If we look at history, we would find that while India was the place that was home to great ideas/abstractions/philosophies/sciences—such as concept of zero, algebra/geometry, astronomy, Ayurveda. Our neighbor China has always been known for inventions and discoveries of tangible things—such as magnet, tea, paper, silk.
Is it just co-incidence? I don’t think so. Our domination in modern days—India in services and China in products—stems from the same differences that existed a few hundred years back.
And you can tell this from your experience. During one of my flights from San Francisco to Seoul (some time around 2005-06), I met the owner of a small Californian garment manufacturer, who had outsourced to a unit in China. He had come to India once to do preliminary survey but went back a little confused. What he told me can be a pointer to possibly what we do not have. I will not use the word “lack”. It is just a different way of looking at things.
He told me when he went to China and started talking to prospective partners, the discussion steered towards the type of garments he manufacturers, who they are meant for, quantity of manufacturing and so on. He was perfectly comfortable with those queries.
In India, he was asked questions about how many people he would like to employ, what is the cost of production there, what is the saving that he is expecting, even before they asked him about his users/products. He did not have clear answers about many of those questions and left confused.
When I met him, he did not have any concrete plans for India but he had not given up on the idea. He had hope that he would come back one day. For some reason, he believed, Indians could do it better. The only tangible reason I could gauge from the conversation is this: if they are designing so well for Bollywood, they can do a great job!

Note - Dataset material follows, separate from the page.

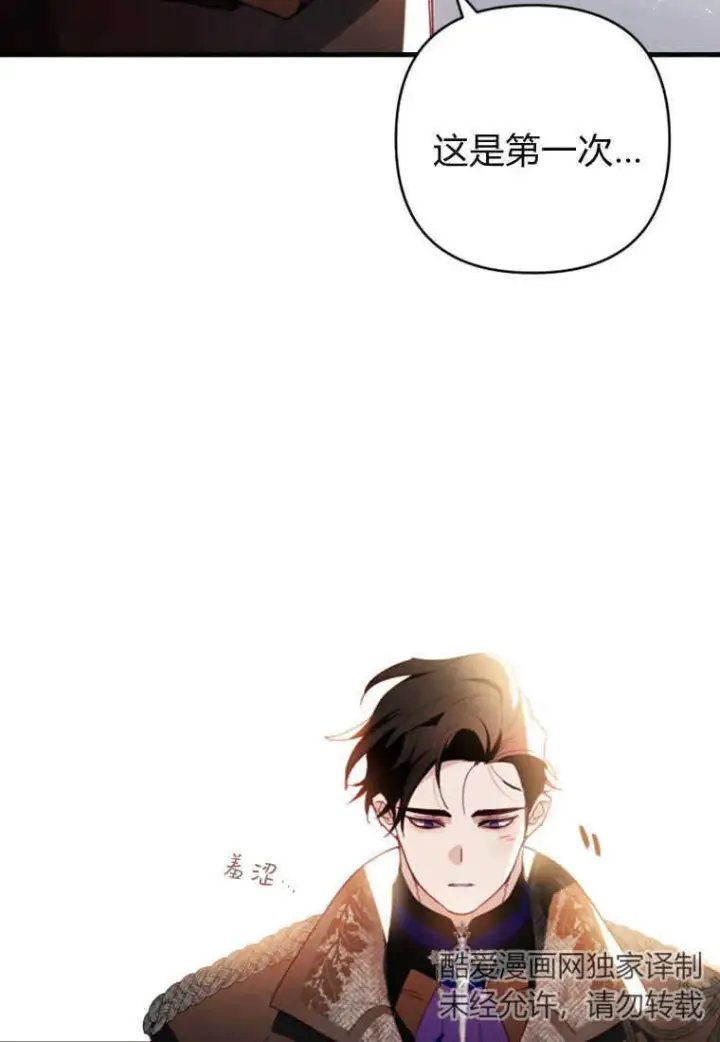 《砸钱养个未婚夫》第06话图80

I think we all have faced similar situation. If you talk of a new business idea, the discussion here steers more towards business models, funding, marketing challengers. Rarely do we go into things like users and and the actual products!
Frog Design, owned by Aricent, a company with Indian genesis, opened a development center in India, but decided to open its design studio in China. The reason was the same.

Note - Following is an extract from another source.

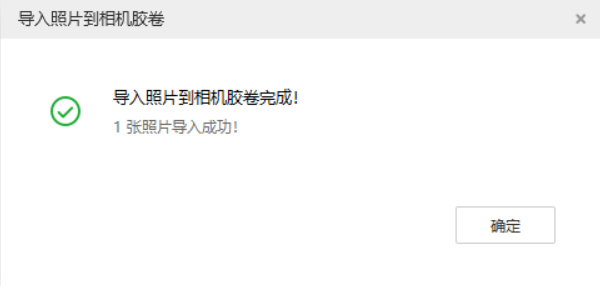 向阳苹果手机维修分享如何将照片导入到 iPhone 13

This is also what separates an application development for a client and a product development. While the technology and development process are similar, in a typical ADM project, the client briefs the specification. The same is the case with outsourced product development, where Indians have succeeded significantly. In a commercial product, the firm has to do its own user research to decide the features.
One may debate on whether a Steve Jobs of way of deciding for the user or a Nokia/Samsung way of detailed user research is better, but the commonality in both is that the user is foremost in the minds of the designers. Without that, creating a great product may only happen as an accident, once in a while!
Many would argue that B2B product development is different. I would disagree. While B2B means the user research cycle may be a little shorter, it nevertheless requires the same user centricity that any B2C product requires. You are finding about the user and designing accordingly. You are not designing to a specification.
The difference is subtle but crucial.